Humanisme membawa perubahan pada agama-agama besar yaitu menempatkan manusia
sebagai subjek yang berpikir dan memiliki kebebasan, terutama di Eropa, humanisme
hadir melawan dominasi gereja Katolik, sampai akhirnya membuahkan pernyataan
bahwa kebenaran tentang keselamatan tidak hanya ada pada (Gereja Katolik).
Martin Luther (1483-1546) adalah salah satu tokoh penting dalam hal ini yang
menegaskan bahwa setiap orang Kristiani berhak membaca Kitab Suci serta
memahaminya sendiri. Tafsiran (interpretasi) Kitab Suci bukan lagi terbatas
pada hak para pimpinan Gereja. Secara singkat dapat disimpulkan bahwa humanisme
muncul sebagai reaksi penolakan atas determinasi yang berasal dari konstruksi
keagamaan. Franz Magnis Suseno bahkan menegaskan bahwa humanisme merupakan
criteria kesejatian agama,“adalah keyakinan bahwa setiap orang harus dihormati
sebagai persona, sebagai manusia dalam arti sepenuhnya, bukan karena ia pintar
atau bodoh, baik atau buruk, dan dengan tidak tergantung dari daerah
asal-usulnya, komunitas etnik atau umat beragama mana, dan apakah dia seorang
laki-laki atau perempuan”.
Melampaui Simbol-Simbol[2]
Lebih jauh dari itu, humanisme mengajak umat beragama melampaui simbol-simbol
keagamaan. Kita harus yakin, perbedaan dalam hal-hal ritual simbolik dari
agama-agama adalah "jalan menuju Tuhan", bukan hal yang mutlak.
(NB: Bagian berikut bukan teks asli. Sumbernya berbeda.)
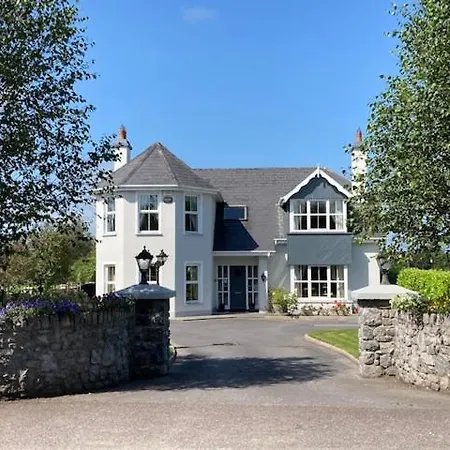 Tailors Lodge, Continental Breakfast Bed & Breakfast *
Oleh
karena itu, tidak perlu memutlakkan simbol-simbol dari agama, melainkan
kemanusiaan, yang kita yakini sebagai universalisme dari agama-agama. Untuk
itulah, berpandangan ekstrem, fanatis, dan tidak bersahabat atas umat agama
yang lain, tidak tepat dilakukan. Di situlah sebenarnya dimensi humanisme
agama-agama yang harus disebarkan seluas-luasnya, bukan ditutup rapat-rapat dan
takut terjadinya sinkretisasi dengan agama lain. Humanisme karena itu harus
dipahami sebagai bagian terpenting dari agama-agama, ketimbang ritual simbolik.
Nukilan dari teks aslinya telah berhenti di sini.